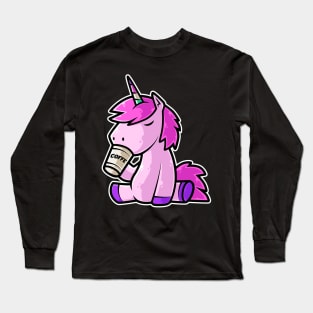 Cute Unicorn Drinking Coffee Kawaii Neko Anime design Long Sleeve T-Shirt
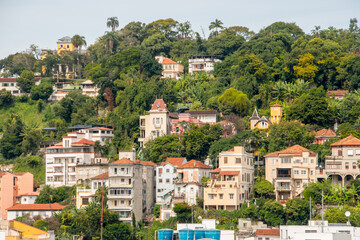 Fototapeta na wymiar neighborhood of santa teresa seen from downtown rio de janeiro in brazil.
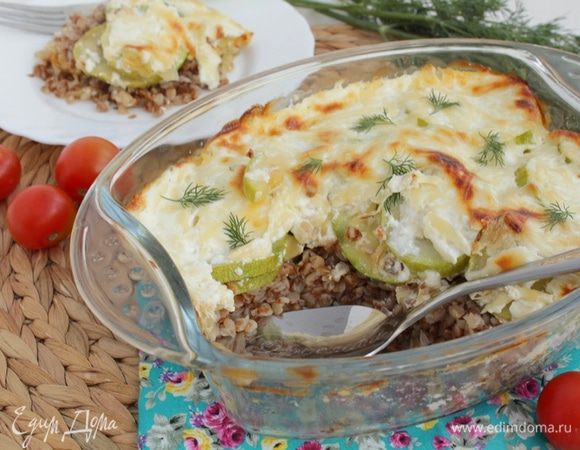 Запеканка с гречкой и кабачком Запеканка с гречкой и кабачком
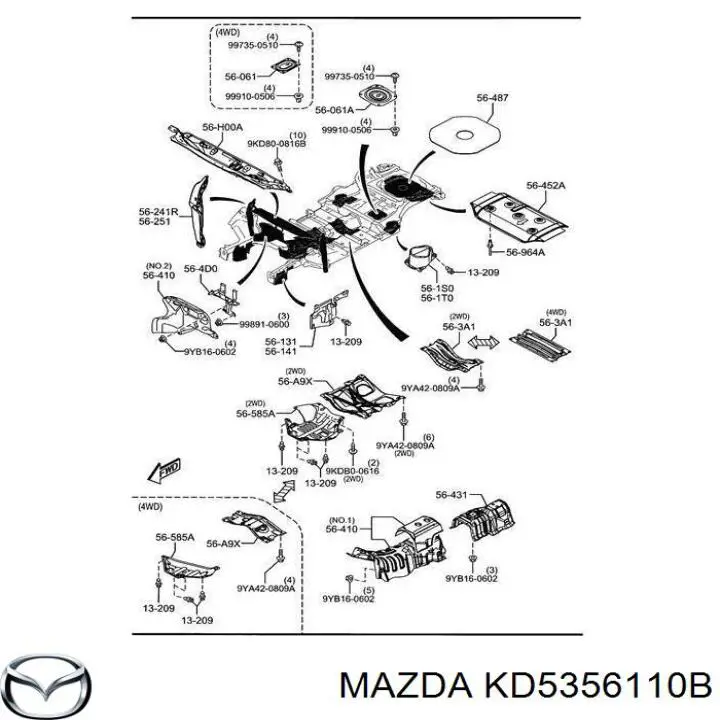 KD5356110B Mazda защита двигателя, поддона (моторного отсека)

EXERCISE INSTRUCTIONS => Return the complete material above exactly, with no picture.

SOLUTION BELOW =>
 Cute Unicorn Drinking Coffee Kawaii Neko Anime design Long Sleeve T-Shirt
 Fototapeta na wymiar neighborhood of santa teresa seen from downtown rio de janeiro in brazil.
 Запеканка с гречкой и кабачком Запеканка с гречкой и кабачком
 KD5356110B Mazda защита двигателя, поддона (моторного отсека)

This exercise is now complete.